Der Roman-Kanon war nur der Anfang. Problematisch unter Gesichtspunkten des Verkaufs war gewiss, dass jeder, der nur ein wenig der Literatur zugewandt ist, den "Werther", die "Wahlverwandtschaften", die "Buddenbrooks", den "Prozeß" oder die "Blechtrommel" längst im häuslichen Bücherregal stehen hat. Da ist die im Oktober 2003 erschienene Buchkassette mit 180 Erzählungen in zehn Bänden deutlich attraktiver. Sie fand zwar ungleich weniger Resonanz in der Presse als der schon durch den Zwang zur Beschränkung provokative Roman-Kanon, ist aber zweifellos die weit bedeutendere Leistung. Eine Sammlung von deutschsprachigen Erzählungen in diesem Umfang und in dieser Qualität hat es bislang nicht gegeben. Und hier finden sich fast alle Autoren, die im Roman-Kanon von vielen vermisst wurden. Selbst so umfangreiche "Erzählungen" wie "Die Widmung" von Botho Strauß, "Ein fliehendes Pferd" von Martin Walser oder "Kein Ort. Nirgends" von Christa Wolf haben hier Platz gefunden. Das Vorwort rechnet treffsicher mit einzelnen Kritikern des Kanon-Projektes ab: Joachim Kaisers Gegenliste der zwanzig wichtigsten Romane enthalte "nicht weniger als sieben Erzählungen". Erich Loest habe die Romane der DDR-Literatur vermisst und Arnold Zweigs "Streit um den Sergeanten Grischa" vorgeschlagen. "Das aber ist ein Roman aus dem Jahre 1927". Dem Vorwurf der Bevormundung, der jede Leseliste oder Textsammlung, die im Namen eines "Kanons" auftritt, begleitet, entgegnet Reich-Ranicki: "Er ist weder ein Gesetzbuch noch ein Katalog, weder eine Anordnung noch eine Vorschrift. Er enthält nichts anderes als freundliche Hinweise, Vorschläge und Empfehlungen." Den Romanen und Erzählungen werden Kassetten mit Dramen, Gedichten und Essays folgen.

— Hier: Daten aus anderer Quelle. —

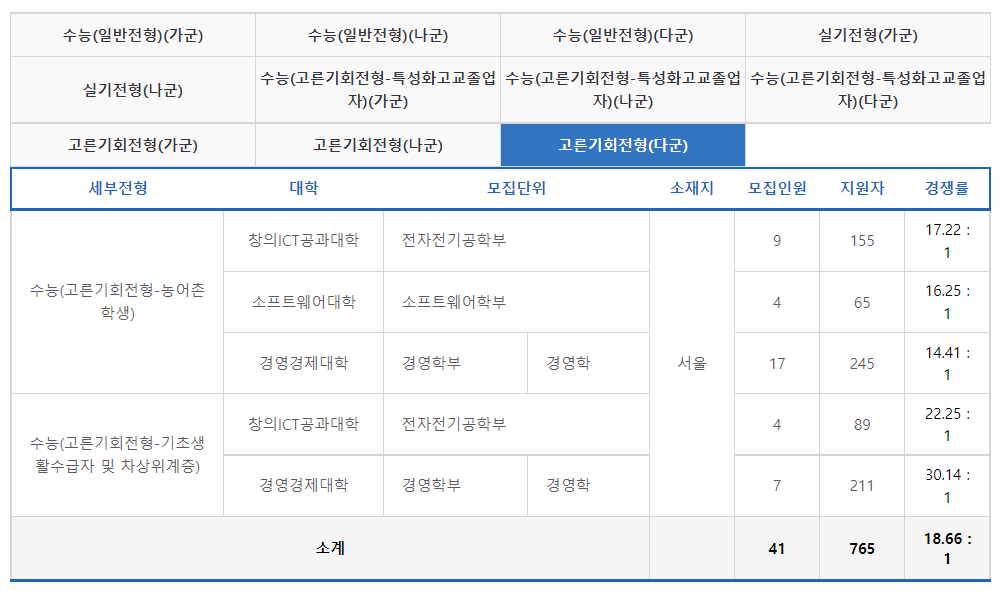 2023학년도 중앙대학교 정시 고른기회전형 다군 경쟁률 현황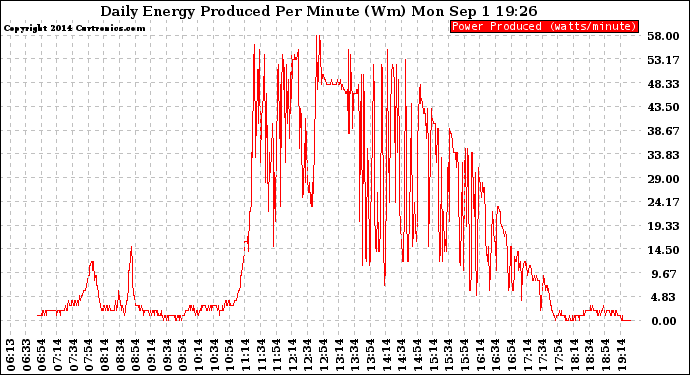 Solar PV/Inverter Performance Daily Energy Production Per Minute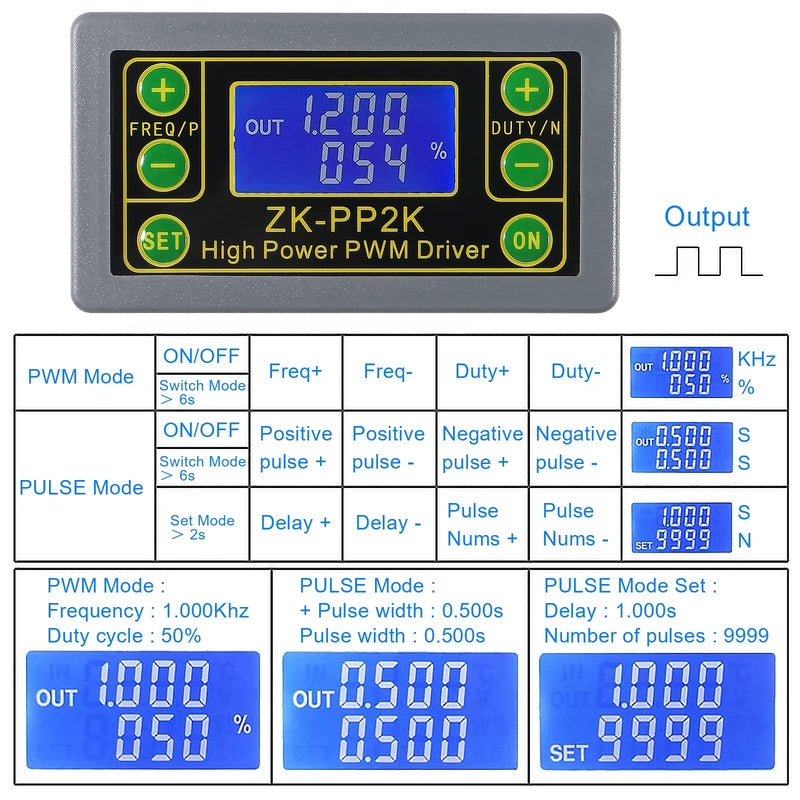 [Australia - AusPower] - 2pcs PWM Pulse Signal Generator ZK-PP2K, Function Signal Generator, Cycle Delay Drive Module 3.3-30V 8A Dual Mode High Power PWM Dimming Motor Speed Controller, LCD Pulse Frequency Generator 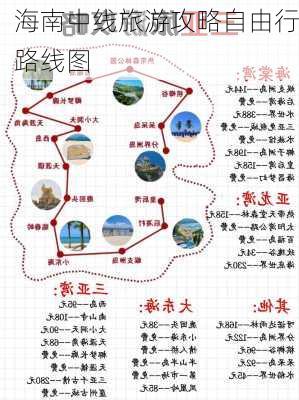 海南中线旅游攻略自由行路线图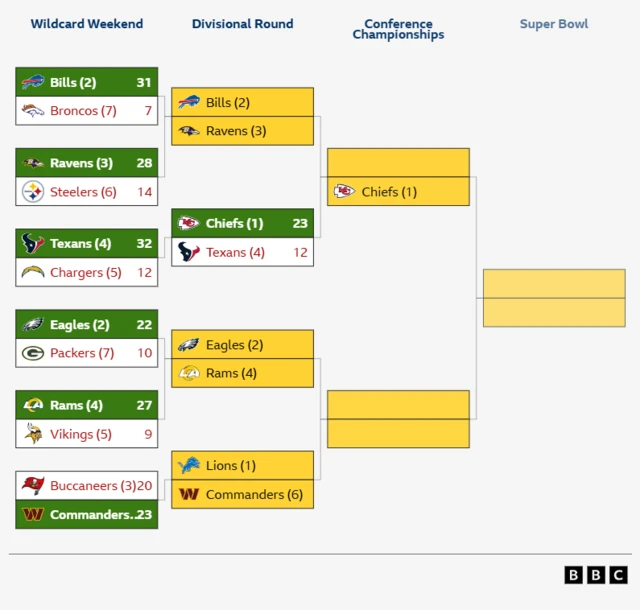 Path to the Super Bowl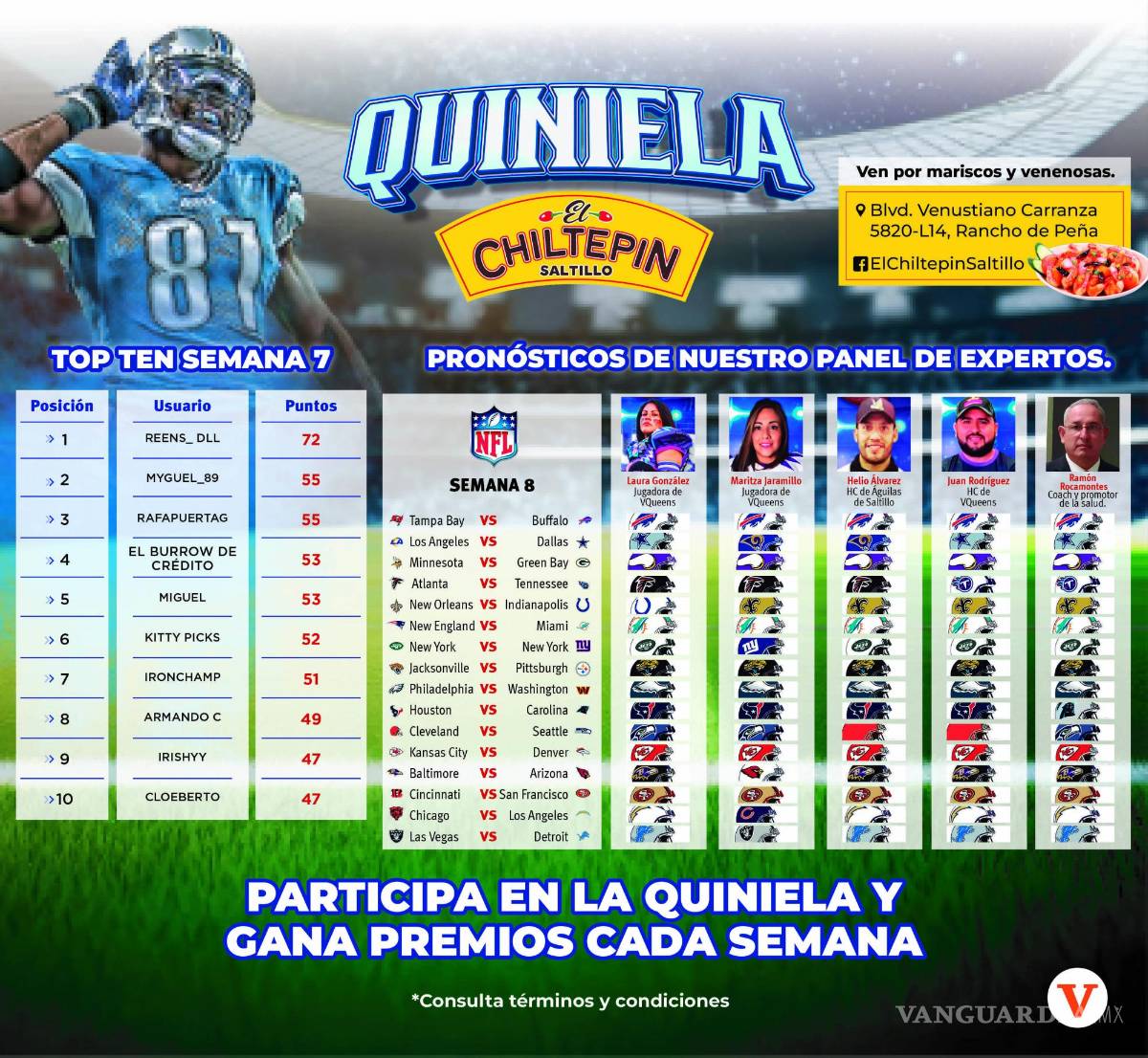 $!Estos son los pronósticos de los expertos.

Von diesem Kanon-Projekt deutlich unterschieden sind Textsammlungen, die sich auf persönliche Vorlieben berufen. Deren erster Band ist im Frühjahr 2003 erschienen und trägt den programmatischen Titel "Meine Gedichte". Im Herbst desselben Jahres erschien der Band "Meine Geschichten". Das Alterswerk von Reich-Ranicki zieht Bilanzen: Bilanzen zur Literaturgeschichte, Bilanzen zu den Leistungen einzelner Schriftsteller und Bilanzen des eigenen Lebens. Und alles das ist eng miteinander verknüpft. Wer seine 2003 erschienene Anthologie "Meine Gedichte" aufmerksam liest, wird feststellen, dass hier, neben der Liebe, ein Themenkreis dominiert: Vergänglichkeit, Alter und Tod.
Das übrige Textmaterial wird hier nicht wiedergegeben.